Abstract

Evolutionary changes in the ecology and diversity of organisms that produce and destroy calcareous skeletons suggest that bioclastic concentrations themselves might have changed in nature through the Phanerozoic. Empirical data from marine siliciclastic records of Ordovician-Silurian, Jurassic, and Neogene ages indicate a significant increase in the thickness of densely packed bioclastic concentrations over geologic time, from a primarily thin-bedded brachiopod-dominated record in the Ordovician-Silurian to a mollusk-dominated record with many more and thicker shell beds in the Neogene.
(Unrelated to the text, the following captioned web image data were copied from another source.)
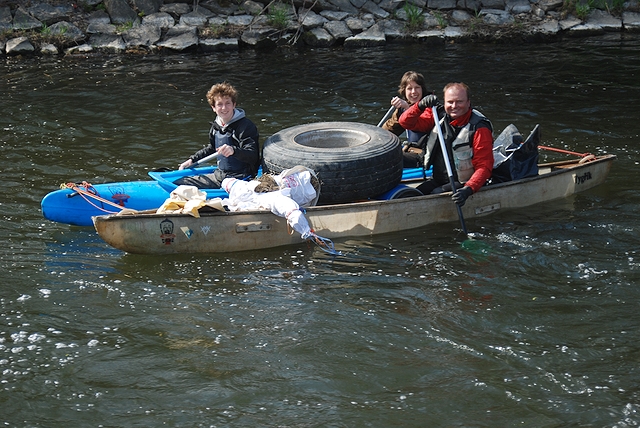 Čištění a otevírání  Chrudimky 2012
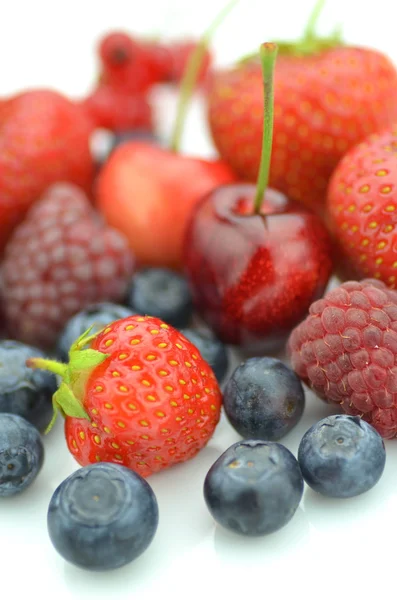 Sorten von Beerenfrüchten, Erdbeeren, Himbeeren, Kirschen, Blaubeeren, Johannisbeeren isoliert auf weiß — Stockfoto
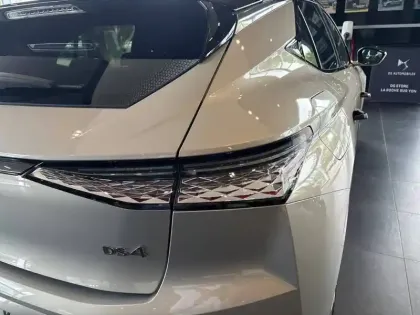 Photo 16 DS DS 4  Hybride 136 e-DCT6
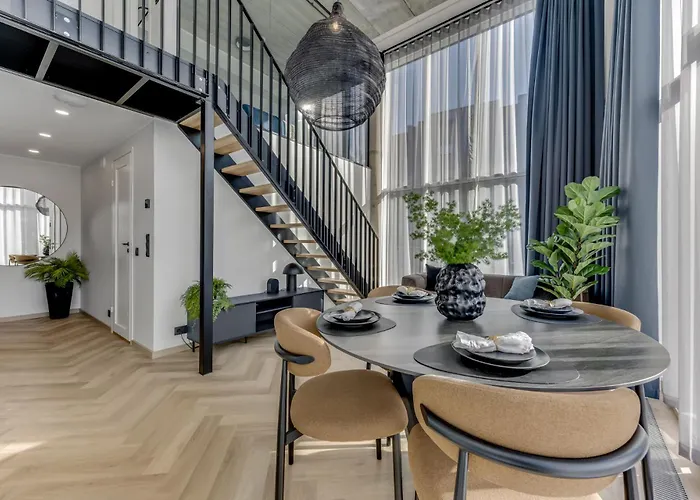 Urban Heaven Luxury Lofts 탈린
Jurassic shell beds vary in thickness with the Paleozoic or modern affinities of the chief constituents, suggesting, along with other evidence, that the Phanerozoic increase was determined neither by diagenesis nor by a shift in taphonomic conditions on the sea floor but rather by the evolution of bioclast producers, namely, groups with (1) more durable low-organic skeletons, (2) greater ecological success in high-energy habitats, and (3) on the basis of indirect evidence, higher rates of carbonate production. These results suggest that (1) reproductive and metabolic output has increased in benthic communities over time and (2) the scale of time averaging in benthic assemblages has increased owing to greater hard-part durability of modern groups.